A decisão representa apenas a primeira etapa da tramitação da proposta. Antes de chegar ao Plenário da Câmara, o texto ainda precisará ser analisado por uma comissão especial e, caso avance, deverá ser submetido a dois turnos de votação pelos deputados.
Durante a discussão na comissão, parlamentares favoráveis à proposta argumentaram que a mudança responde ao aumento da violência e ao uso crescente de adolescentes por organizações criminosas.
Por outro lado, deputados contrários à PEC argumentaram que a medida não enfrenta as causas estruturais da violência e pode agravar problemas relacionados ao sistema prisional brasileiro.
Relator restringiu mudanças à esfera penal
A PEC principal foi apresentada pelo ex-deputado Gonzaga Patriota (PSB-PE) e previa originalmente a redução da maioridade tanto na esfera penal quanto na civil.
Pela proposta inicial, jovens de 16 anos passariam a responder criminalmente como adultos e também poderiam exercer direitos civis plenos, como celebrar contratos, obter Carteira Nacional de Habilitação (CNH), casar sem restrições legais e ter o voto obrigatório. O texto ainda reduzia a idade mínima para candidatura a determinados cargos eletivos.
No entanto, o relator da matéria, deputado Coronel Assis, retirou os dispositivos relacionados à capacidade civil e manteve apenas a redução da maioridade penal para concentrar a discussão em um único tema e evitar questionamentos jurídicos relacionados à abrangência da proposta.
Além da PEC principal, o parecer também considerou admissíveis duas propostas apensadas ao texto.
A PEC 8/2026 prevê a redução da maioridade penal apenas para situações excepcionais, como crimes hediondos ou atos de extrema crueldade, condicionando a responsabilização penal a avaliações técnicas sobre a capacidade do adolescente de compreender a gravidade do ato praticado.

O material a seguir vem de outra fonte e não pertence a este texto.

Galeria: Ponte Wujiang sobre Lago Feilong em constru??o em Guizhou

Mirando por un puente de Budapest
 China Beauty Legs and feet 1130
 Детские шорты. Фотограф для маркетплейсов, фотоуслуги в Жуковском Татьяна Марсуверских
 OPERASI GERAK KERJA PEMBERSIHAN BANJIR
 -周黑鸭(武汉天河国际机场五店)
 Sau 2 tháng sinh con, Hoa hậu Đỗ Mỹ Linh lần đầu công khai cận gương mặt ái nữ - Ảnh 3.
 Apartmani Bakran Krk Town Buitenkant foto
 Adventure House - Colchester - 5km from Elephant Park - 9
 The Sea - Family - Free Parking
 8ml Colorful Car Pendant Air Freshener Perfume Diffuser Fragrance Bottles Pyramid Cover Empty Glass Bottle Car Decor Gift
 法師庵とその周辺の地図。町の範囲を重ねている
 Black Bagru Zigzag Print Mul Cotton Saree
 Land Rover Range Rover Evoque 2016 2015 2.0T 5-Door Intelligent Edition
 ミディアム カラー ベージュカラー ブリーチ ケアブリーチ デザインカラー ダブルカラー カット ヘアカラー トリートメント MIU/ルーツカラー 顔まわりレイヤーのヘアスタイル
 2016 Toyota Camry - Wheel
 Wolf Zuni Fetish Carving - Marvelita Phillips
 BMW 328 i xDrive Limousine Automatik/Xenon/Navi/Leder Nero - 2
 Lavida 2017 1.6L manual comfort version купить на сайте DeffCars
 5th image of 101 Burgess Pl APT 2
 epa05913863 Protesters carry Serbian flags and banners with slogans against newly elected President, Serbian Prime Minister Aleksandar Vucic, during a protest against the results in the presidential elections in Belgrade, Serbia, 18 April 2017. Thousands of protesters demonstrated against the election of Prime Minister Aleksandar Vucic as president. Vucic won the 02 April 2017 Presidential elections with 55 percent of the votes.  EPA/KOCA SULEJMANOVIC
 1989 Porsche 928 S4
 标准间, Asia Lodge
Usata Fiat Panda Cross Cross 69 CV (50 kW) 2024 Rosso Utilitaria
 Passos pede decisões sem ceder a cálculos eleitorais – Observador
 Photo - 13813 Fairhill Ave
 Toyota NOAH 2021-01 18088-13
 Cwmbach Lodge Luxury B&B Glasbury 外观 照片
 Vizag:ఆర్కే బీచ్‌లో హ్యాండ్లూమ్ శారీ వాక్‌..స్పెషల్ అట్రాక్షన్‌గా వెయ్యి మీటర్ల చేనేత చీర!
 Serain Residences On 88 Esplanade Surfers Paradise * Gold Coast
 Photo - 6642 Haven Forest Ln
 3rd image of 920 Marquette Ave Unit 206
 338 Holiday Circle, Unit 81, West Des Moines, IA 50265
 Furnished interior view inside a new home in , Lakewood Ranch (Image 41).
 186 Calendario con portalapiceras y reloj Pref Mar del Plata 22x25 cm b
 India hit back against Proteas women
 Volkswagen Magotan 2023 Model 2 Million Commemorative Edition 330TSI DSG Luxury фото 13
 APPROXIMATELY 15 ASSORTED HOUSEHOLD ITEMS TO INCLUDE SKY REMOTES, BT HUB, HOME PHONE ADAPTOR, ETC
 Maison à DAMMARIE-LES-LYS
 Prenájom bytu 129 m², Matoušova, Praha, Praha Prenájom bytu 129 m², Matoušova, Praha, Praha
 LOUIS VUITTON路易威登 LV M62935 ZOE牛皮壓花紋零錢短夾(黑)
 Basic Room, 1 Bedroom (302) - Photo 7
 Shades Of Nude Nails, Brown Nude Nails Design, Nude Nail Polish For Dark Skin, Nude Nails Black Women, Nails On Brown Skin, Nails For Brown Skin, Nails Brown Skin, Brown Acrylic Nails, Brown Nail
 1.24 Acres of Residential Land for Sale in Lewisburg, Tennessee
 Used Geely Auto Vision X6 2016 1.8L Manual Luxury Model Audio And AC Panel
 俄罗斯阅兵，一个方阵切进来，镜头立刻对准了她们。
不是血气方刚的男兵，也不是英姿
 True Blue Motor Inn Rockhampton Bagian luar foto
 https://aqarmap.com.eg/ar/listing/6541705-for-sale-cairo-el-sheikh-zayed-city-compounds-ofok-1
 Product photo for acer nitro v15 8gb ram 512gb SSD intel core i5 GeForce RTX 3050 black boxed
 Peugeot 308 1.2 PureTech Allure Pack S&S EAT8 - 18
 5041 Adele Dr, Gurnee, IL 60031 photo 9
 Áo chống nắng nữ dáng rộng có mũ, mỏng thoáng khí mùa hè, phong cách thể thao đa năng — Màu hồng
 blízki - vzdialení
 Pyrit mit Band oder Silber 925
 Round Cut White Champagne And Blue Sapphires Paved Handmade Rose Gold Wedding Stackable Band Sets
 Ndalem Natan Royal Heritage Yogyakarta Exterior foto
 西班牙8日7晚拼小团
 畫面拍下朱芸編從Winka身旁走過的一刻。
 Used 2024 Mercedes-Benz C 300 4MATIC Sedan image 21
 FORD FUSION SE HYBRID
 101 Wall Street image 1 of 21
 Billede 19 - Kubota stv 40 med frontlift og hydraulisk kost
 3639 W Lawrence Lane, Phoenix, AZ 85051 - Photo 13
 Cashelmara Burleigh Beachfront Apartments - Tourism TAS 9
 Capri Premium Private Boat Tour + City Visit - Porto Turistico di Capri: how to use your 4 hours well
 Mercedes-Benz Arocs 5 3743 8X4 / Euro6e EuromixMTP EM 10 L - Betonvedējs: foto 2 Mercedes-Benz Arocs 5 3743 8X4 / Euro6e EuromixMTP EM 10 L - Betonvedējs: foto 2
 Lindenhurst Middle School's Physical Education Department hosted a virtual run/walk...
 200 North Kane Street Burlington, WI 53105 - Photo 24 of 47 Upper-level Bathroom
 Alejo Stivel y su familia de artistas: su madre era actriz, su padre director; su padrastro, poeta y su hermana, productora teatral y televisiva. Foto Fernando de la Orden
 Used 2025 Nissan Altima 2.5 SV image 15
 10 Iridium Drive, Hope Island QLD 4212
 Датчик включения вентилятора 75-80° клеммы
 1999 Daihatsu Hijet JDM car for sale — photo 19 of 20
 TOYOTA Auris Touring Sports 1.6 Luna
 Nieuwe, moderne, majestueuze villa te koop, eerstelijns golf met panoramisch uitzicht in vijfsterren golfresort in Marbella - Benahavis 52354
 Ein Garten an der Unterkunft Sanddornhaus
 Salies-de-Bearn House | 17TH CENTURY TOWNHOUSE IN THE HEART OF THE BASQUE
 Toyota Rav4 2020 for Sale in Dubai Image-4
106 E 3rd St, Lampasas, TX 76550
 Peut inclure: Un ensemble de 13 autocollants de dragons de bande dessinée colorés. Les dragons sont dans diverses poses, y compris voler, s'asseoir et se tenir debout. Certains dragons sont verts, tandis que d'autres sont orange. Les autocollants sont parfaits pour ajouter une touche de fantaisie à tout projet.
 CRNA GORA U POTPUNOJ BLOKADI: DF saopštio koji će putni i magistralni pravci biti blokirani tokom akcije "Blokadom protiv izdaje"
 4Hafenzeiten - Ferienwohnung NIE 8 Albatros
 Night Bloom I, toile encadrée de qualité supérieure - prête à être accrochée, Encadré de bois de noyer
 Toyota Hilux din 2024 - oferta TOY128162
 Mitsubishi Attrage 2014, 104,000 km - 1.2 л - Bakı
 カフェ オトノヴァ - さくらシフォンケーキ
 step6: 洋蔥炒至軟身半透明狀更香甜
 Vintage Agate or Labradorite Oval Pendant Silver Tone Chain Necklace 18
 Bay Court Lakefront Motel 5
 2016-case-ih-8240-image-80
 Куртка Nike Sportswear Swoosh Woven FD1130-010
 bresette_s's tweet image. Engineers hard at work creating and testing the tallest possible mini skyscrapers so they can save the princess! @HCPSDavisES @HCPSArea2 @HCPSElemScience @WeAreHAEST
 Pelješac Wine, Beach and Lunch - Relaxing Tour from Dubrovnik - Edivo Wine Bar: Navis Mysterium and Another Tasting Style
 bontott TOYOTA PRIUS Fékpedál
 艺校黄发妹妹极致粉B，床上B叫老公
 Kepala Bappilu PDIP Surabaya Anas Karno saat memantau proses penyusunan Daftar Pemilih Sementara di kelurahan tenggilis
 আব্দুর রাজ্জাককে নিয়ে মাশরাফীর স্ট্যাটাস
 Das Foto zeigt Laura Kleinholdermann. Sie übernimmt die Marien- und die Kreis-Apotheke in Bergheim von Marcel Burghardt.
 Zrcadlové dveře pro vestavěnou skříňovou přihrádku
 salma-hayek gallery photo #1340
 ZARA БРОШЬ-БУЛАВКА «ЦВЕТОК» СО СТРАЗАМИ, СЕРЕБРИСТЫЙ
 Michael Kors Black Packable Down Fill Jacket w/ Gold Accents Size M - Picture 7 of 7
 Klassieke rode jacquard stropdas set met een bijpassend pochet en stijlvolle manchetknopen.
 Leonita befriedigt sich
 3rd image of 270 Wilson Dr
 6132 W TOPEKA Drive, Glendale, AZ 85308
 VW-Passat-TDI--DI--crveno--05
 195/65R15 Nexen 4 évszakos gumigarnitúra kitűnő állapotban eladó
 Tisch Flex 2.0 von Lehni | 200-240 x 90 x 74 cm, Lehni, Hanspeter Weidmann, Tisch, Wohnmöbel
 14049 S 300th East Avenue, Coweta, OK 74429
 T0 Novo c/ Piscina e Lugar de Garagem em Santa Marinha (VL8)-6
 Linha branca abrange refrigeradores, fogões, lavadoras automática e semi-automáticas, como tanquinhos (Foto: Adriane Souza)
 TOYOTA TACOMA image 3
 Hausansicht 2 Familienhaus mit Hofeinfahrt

Já a PEC 9/2026 propõe a redução geral da maioridade para 16 anos em todos os tipos de crime e estabelece a possibilidade de responsabilização criminal de adolescentes entre 12 e 16 anos em casos de crimes violentos, praticados com grave ameaça ou contra a vida.
Pela legislação vigente, adolescentes entre 12 e 18 anos que praticam atos infracionais estão sujeitos às medidas socioeducativas previstas no Estatuto da Criança e do Adolescente (ECA).
As punições variam conforme a gravidade da infração e incluem advertência, reparação de danos, prestação de serviços à comunidade, liberdade assistida, semiliberdade e internação.